I've been doing nothing today. In a relative sense, of course. In a more immediate sense I've 1)got up, 2) had a shower, 3) checked e.mails, 4) had breakfast, 5) went shopping, 6) had tea, 7) played the guitar, 8) spoke to my brother on msn, 9) updated my bands website, 10) finished "Dance on my grave" by Aidan Chambers, 11) wrote a bit on my own book, 12) watched two (2) silly sitcoms, 13) cooked dinner, 14) ate dinner, 15) had coffee, 16) sat down by the computer again. So I guess I've not been doing nothing, when in fact I've done 16 things so far. Busy day indeed.

Sunday, October 02, 2005

Twist and shout.

My neighbours are having really loud sex in the middle of the night. It's a constant phenomenon with them. Not once during the days have I heard them, but when I'm going to bed by sort of midnight-1-2-ish, they're always at it. Not that I particularly mind, I mean, I do want people to enjoy themselves. I guess it's not something that really bothers me that much, it's more something that I've had to notice. One of the reasons I like the nights so much is because I like the feeling of owning the world. And with the activity going on upstairs, they're kind of brutally reminding me that I don't.

Healthcheck?
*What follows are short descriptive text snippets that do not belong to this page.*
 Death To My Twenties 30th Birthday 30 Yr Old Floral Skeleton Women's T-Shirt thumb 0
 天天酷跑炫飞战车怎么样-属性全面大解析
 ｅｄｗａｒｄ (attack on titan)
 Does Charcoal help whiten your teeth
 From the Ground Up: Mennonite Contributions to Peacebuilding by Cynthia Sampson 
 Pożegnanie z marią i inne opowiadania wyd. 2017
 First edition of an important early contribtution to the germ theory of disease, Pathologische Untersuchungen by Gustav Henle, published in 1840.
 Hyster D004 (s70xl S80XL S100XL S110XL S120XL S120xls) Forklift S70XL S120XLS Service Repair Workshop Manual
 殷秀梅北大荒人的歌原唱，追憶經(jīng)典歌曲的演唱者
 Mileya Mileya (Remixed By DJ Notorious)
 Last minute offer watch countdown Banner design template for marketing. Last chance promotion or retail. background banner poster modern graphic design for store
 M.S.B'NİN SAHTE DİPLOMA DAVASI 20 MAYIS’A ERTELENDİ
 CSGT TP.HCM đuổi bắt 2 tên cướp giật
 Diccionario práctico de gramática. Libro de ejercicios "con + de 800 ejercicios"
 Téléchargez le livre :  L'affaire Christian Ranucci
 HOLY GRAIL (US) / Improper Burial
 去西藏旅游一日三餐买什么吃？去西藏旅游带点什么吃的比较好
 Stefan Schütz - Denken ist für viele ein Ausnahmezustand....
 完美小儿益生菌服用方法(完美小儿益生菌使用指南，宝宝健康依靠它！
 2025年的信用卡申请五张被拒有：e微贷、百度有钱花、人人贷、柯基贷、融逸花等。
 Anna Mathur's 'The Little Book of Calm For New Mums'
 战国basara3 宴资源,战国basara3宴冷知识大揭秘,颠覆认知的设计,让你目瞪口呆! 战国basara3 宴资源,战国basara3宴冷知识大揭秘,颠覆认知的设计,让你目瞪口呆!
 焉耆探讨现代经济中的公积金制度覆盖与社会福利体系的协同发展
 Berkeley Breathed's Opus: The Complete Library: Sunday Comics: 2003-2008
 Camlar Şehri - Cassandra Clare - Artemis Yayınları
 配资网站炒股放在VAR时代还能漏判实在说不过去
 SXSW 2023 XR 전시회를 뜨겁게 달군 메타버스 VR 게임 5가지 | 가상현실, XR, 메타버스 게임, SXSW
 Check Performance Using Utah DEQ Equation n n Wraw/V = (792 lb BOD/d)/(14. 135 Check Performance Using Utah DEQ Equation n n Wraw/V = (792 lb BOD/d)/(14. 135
A cold and chestpains.

Saturday, October 01, 2005

Not quite alive, not quite dead...

Being around someone with a mental illness is like being around someone who's neither alive nor dead. You remember what the person used to be like when he/she was well, but that person doesn't exist anymore. That person is dead. But physically, someone's there, so in that aspect he/she is still very much alive. It's just frustrating though. The person that should be in there somewhere just wont come out, no matter what you do. If you cry, scream, laugh, whatever, it doesn't matter, because the person you used to know isn't there anymore to react to it. It's just a shell. An empty shell.